YOUR OBJECTIVE
Exactly reproduce the lines from the line containing "تعدادی صندلی انتطار" to the end of the data below, inclusive, and nothing else.

Stored items

BEGIN

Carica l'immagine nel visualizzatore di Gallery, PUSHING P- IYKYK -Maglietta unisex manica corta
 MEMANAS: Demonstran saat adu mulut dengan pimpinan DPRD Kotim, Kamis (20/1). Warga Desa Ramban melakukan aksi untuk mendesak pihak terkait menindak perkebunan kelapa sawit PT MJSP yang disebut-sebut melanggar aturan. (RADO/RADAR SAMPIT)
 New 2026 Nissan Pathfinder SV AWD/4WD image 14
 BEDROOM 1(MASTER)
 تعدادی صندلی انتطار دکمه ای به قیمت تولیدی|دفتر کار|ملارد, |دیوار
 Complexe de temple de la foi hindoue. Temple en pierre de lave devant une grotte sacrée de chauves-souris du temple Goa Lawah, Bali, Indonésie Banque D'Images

END

WRITTEN RESPONSE
 تعدادی صندلی انتطار دکمه ای به قیمت تولیدی|دفتر کار|ملارد, |دیوار
 Complexe de temple de la foi hindoue. Temple en pierre de lave devant une grotte sacrée de chauves-souris du temple Goa Lawah, Bali, Indonésie Banque D'Images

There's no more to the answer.